**Given entries**
BEGIN
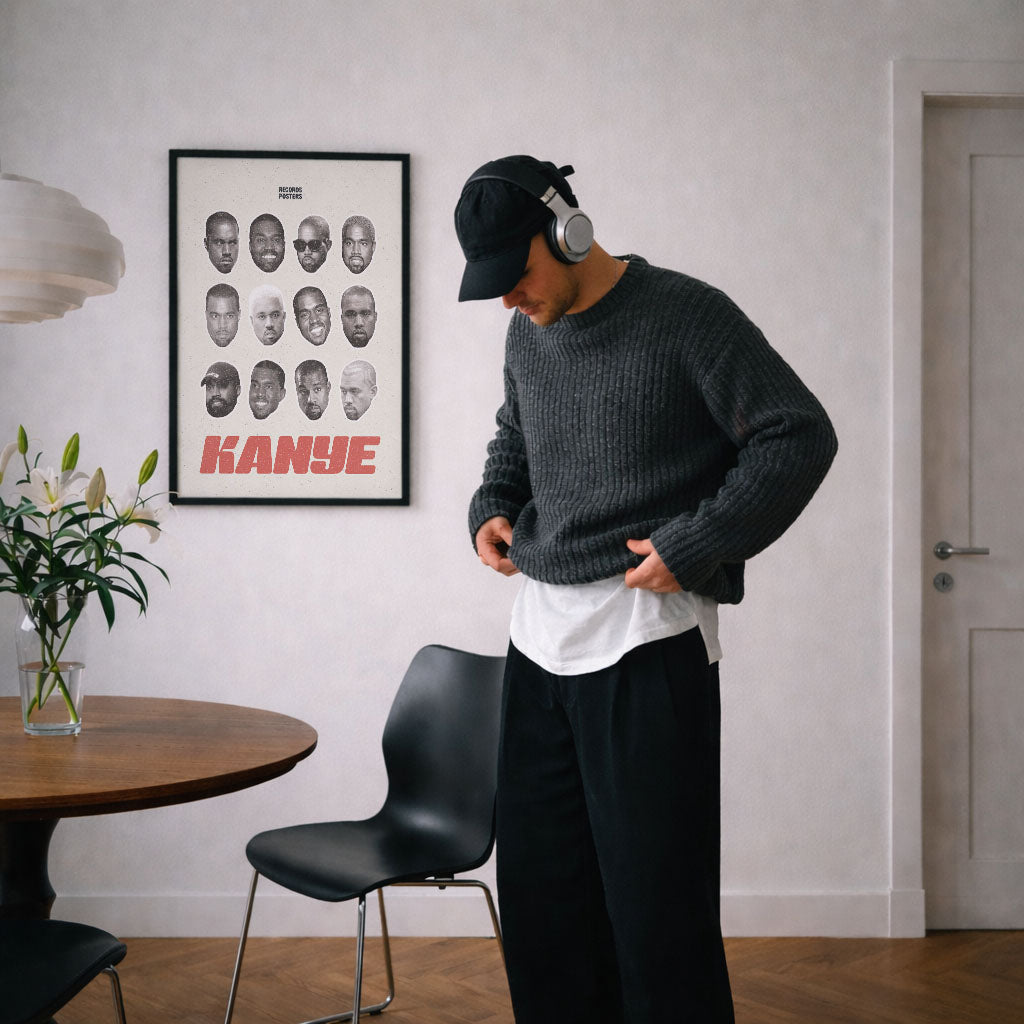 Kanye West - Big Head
END
BEGIN
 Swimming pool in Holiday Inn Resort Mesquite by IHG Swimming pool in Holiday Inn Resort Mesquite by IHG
END
BEGIN
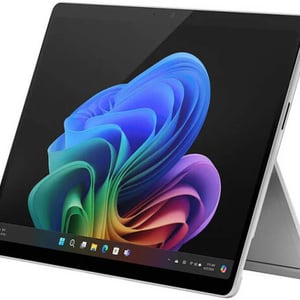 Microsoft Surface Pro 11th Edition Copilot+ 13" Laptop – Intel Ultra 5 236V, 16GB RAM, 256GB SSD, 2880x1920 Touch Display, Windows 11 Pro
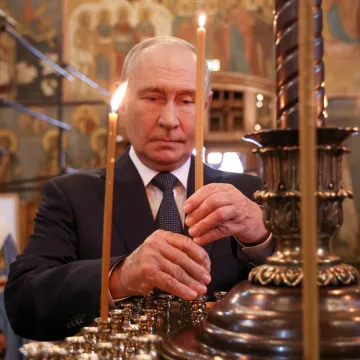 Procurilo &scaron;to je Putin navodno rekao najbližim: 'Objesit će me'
END
**Instructions to follow**
In the data above, retype only the stretch from the line with "Microsoft Surface Pro" through the line with "Procurilo &scaron;to je", word for word, and skip any pictures.

**Answer section**
 Microsoft Surface Pro 11th Edition Copilot+ 13" Laptop – Intel Ultra 5 236V, 16GB RAM, 256GB SSD, 2880x1920 Touch Display, Windows 11 Pro
 Procurilo &scaron;to je Putin navodno rekao najbližim: 'Objesit će me'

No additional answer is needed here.